In my specific motherhood mission call I am blessed to have a companion, my husband. He’s the best companion I’ve ever had, and by default he’s also the worst, and I’ve seen both in our companionship. I’m also well aware that this is a two way street, sometimes I’m his best companion and sometimes I’m his worst. We work together to figure out how to be the best companion to each other more often than we are the worst.
In my companionship we have two full time investigators. We teach them the discussions every Monday night when we have Family Home Evening together. We assign them sections of the Book of Mormon to read when we hold family, and encourage personal, scripture study. We teach them how to pray. We take them to church. It’s a slow process, the best case scenario takes 8 years to baptism. When they get baptized we don’t leave them to flounder because our goal is not just baptism, but to be with us for eternity. The teaching will continue as we guide them to make the choice to receive the priesthood, make their own covenants in the temple, and prepare themselves for their future missions, both the regular type and the fatherhood type. We teach them when we are tired, or hungry, or helpless or cold, but most of all we teach by the spirit. When they ask questions we don’t know we study to find the answers, and trust me, they ask hard questions. Above all, we love these little investigators of ours.
I am also blessed to have many other investigators to teach as I serve in the church and in the community, as I make friends, and as I live my life to the best of my ability in a way that shows my love of Jesus Christ. Although I may not get to spend quite as much time with these investigators I have such great love for them.

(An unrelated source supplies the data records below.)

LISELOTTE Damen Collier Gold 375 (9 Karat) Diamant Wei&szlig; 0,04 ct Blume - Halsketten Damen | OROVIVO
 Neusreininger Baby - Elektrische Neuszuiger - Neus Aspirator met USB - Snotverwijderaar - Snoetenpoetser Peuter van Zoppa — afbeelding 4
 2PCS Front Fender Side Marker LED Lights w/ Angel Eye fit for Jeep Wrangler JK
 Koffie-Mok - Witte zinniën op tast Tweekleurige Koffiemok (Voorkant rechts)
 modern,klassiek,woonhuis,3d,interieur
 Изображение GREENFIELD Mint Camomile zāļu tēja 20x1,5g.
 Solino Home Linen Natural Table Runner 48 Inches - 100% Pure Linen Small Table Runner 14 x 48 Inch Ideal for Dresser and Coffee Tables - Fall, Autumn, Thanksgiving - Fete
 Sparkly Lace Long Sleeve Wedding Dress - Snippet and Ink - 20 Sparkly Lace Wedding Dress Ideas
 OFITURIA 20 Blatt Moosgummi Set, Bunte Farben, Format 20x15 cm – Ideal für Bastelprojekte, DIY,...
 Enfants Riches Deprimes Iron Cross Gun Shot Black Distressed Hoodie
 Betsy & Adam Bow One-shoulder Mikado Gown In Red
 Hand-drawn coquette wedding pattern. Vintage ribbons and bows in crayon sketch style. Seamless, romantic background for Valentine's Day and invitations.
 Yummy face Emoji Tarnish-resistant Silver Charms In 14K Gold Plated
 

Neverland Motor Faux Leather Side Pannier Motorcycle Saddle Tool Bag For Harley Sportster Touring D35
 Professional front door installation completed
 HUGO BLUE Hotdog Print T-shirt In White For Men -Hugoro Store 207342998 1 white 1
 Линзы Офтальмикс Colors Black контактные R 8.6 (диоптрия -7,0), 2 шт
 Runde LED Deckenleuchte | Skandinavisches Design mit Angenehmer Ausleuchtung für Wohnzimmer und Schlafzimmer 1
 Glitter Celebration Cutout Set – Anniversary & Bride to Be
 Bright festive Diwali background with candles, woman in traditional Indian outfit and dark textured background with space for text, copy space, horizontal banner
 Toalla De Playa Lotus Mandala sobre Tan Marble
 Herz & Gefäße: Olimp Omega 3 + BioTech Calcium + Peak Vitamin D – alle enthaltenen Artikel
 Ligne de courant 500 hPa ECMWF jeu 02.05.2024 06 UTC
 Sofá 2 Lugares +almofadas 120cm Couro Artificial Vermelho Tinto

I think about them all the time. I pray for them all the time. And I learn from them in return.
Mission calls to motherhood are as varied as any other mission call. You may or may not be assigned a companion. You may be given golden investigators, or you may have to tract long and hard to find your investigators. You may think you speak the language only to discover the natives speak something that sounds nothing like what you learned.
Let’s be clear that when I say I was called to be a mother I am using that word in the way Sheri Dew did in her talk Are We Not All Mothers.
If you haven’t watched or read it, or it’s been awhile since you’ve done so, I recommend you take a moment and do so. You will not regret it. There is a reason I want to study as hard as I can so I can grow to emulate her knowledge, strength and testimony.
I love seeing the youth prepare for their proselyting missions. They are here at this time in the places they are because they have such great ability to succeed as Elder and Sister missionaries. I love how much easier it is for the young women to go on missions. Being a sister missionary and a mother missionary are certainly not mutually exclusive. They go hand in hand, and being a sister missionary is incredible preparation for being a mother missionary. I love how much excitement there is for our sister missionaries and I hope we can build even more excitement for their calls to become mother missionaries. Either way, I hope that our excitement for these beautiful young women doesn’t turn into pressure or guilt as they choose which way or in which order they will serve.
I am loving my full time mother missionary calling. It’s exhausting. It’s as difficult as it is beautiful. Sometimes it can be difficult to not succumb to the temptation to undermine my motherhood missionary call, but I know it is the most important thing I can possibly do with my life. I am so grateful for the trust that has been shown to me by my Heavenly Father as I am given the opportunity to serve.